Fui surpreendido há dias por uma útil tertúlia de eruditos, a divagar na rádio sobre o Padre António Vieira. Partiam de Saramago, e dum comentário seu sobre o "imperador da língua", nos Cadernos de Lançarote. O que ouvi deixou-me embasbacado. Pois custa muito assistir a desconchavos donde eles menos se esperam.
Os eruditos misturavam alegremente o Vieira literato, sermonista e cultor maior da língua, com o Vieira jesuíta e o Vieira visionário, messiânico, utópico e nefelibata. Vamos lá então por partes!
O Vieira literato não tem discussão, é realmente o "imperador da língua". O Vieira jesuíta é para esquecer, como todos. O Vieira anti-esclavagista é uma idiotice. O Vieira amiguinho dos índios do sertão é um mito. (Apenas se levantou contra os bandeirantes broncos e sanguinários, por demorarem demais a perceber que não era possível domesticar os índios, como os pretos do Congo. Os índios preferiam morrer, a submeter-se à escravidão dos engenhos. E os jesuítas sabiam que apenas eram manuseáveis pelo encantamento dos rituais. Os cânticos, o brilho das luzes e o esplendor dos cultos foi a arma de que se serviram para os pastorear nos ajuntamentos católicos.) O Vieira visionário e messiânico do V Império é uma béstia mentalmente nociva, precursora de muitas outras que aí andam. O Vieira da Clavis Prophetarum e da História do Futuro, que anteviu as ONU's e a união dos povos da Europa, é um desejo tomado como realidade, por estes licenciados de Bolonha.

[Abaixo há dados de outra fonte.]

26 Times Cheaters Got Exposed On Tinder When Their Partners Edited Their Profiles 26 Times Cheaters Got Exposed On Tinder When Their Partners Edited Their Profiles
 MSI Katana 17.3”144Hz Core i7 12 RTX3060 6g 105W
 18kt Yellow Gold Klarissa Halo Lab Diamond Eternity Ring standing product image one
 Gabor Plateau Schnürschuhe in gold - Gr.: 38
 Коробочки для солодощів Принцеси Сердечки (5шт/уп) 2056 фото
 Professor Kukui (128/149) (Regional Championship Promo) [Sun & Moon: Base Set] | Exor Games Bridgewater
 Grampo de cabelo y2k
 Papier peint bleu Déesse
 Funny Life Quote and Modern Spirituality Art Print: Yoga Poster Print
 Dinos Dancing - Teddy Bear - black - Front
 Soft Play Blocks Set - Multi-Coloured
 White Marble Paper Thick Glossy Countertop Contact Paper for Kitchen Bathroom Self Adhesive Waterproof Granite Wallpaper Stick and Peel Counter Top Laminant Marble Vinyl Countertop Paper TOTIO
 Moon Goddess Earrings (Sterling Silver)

Salva-se o Vieira diplomata, de que não ouvi falar. O dos muitos serviços que prestou por essa Europa, à corte e à afirmação da dinastia do Rei Restaurador. E o dos heterodoxos e bons conselhos que lhe deu (tardios infelizmente), sobre as relações com a Holanda, e mormente com os judeus que lá viviam. Isso a Inquisição não perdoou.